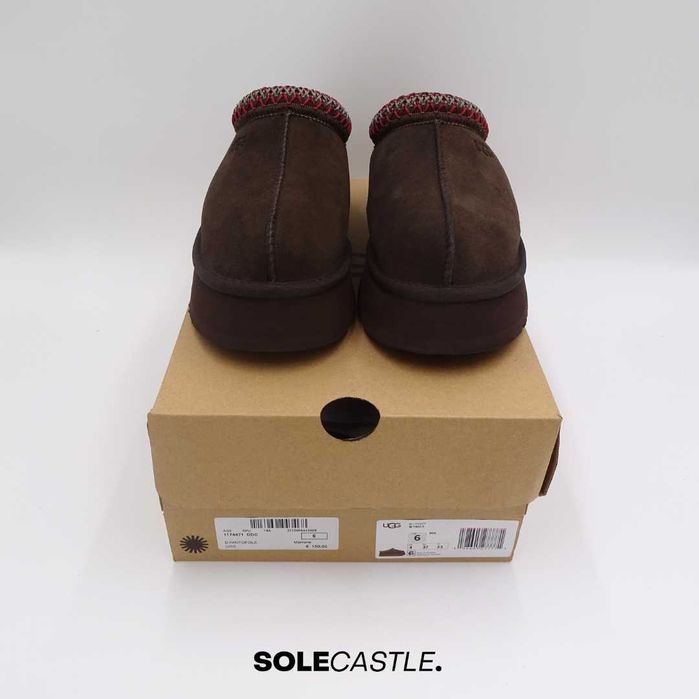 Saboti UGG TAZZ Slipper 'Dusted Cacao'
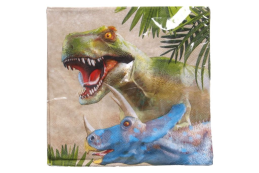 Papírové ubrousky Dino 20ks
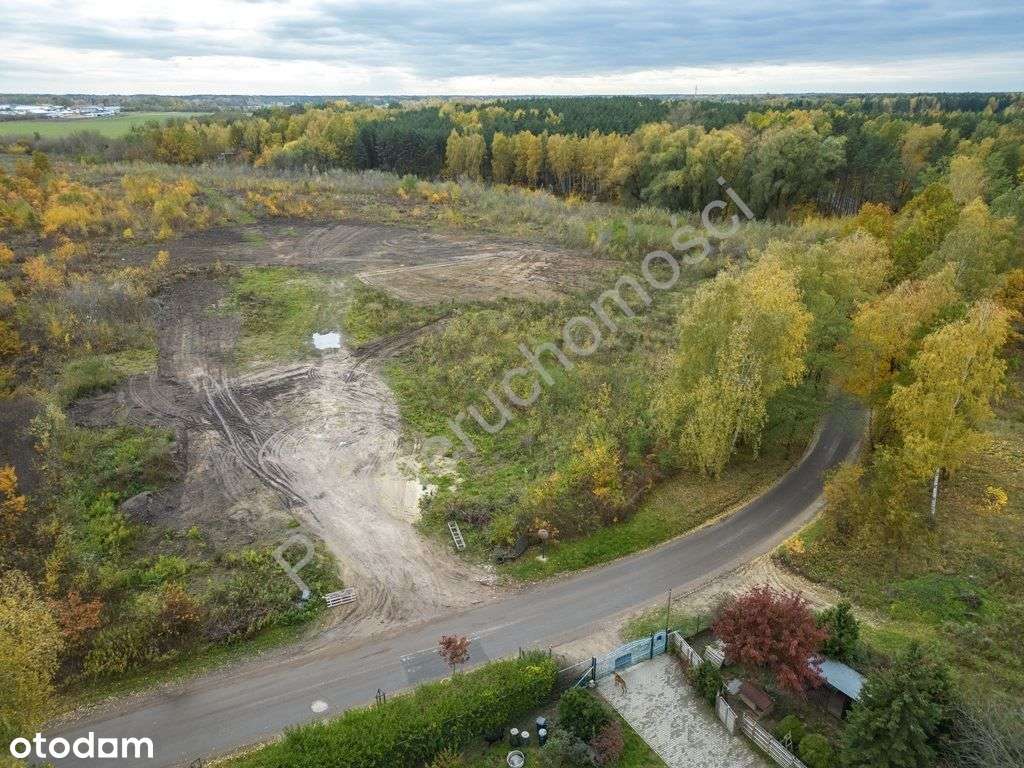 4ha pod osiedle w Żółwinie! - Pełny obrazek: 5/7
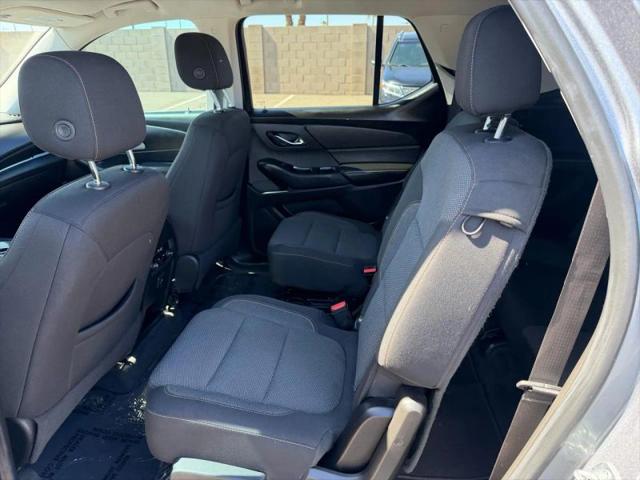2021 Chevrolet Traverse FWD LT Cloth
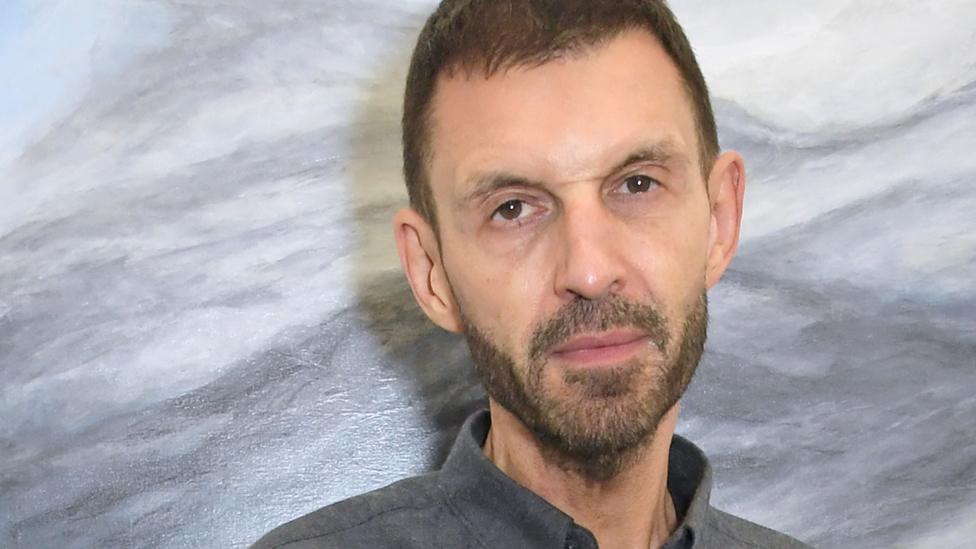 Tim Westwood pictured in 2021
....
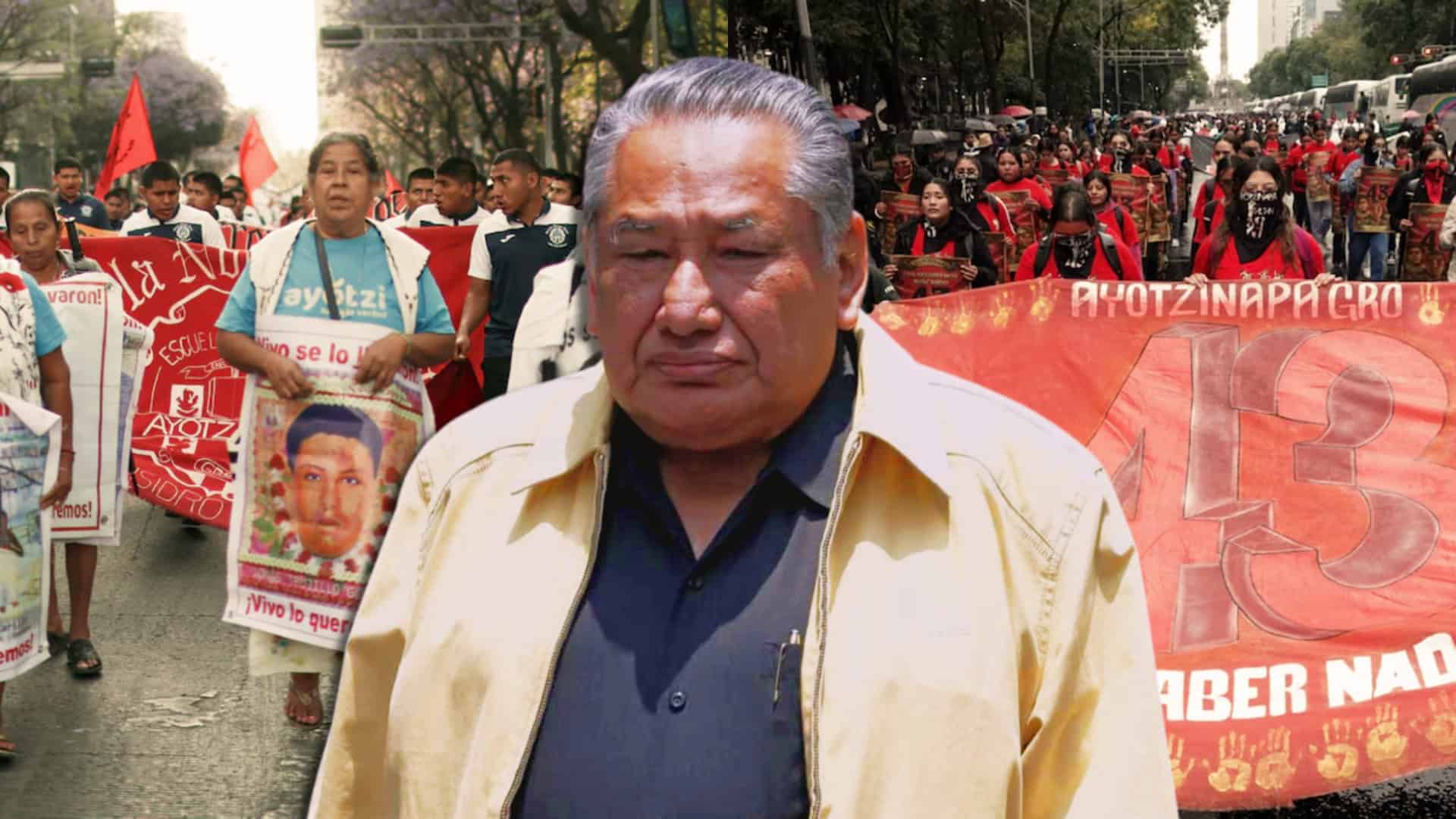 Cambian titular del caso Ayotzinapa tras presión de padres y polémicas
....
Goal of the exercise = The material above holds pictures; leave them out and set down exactly the lines from the line with "Saboti UGG TAZZ Slipper 'Dusted Cacao'" to the line with "Tim Westwood pictured in 2021", both included.

Task result =
 Saboti UGG TAZZ Slipper 'Dusted Cacao'
 Papírové ubrousky Dino 20ks
 4ha pod osiedle w Żółwinie! - Pełny obrazek: 5/7
2021 Chevrolet Traverse FWD LT Cloth
 Tim Westwood pictured in 2021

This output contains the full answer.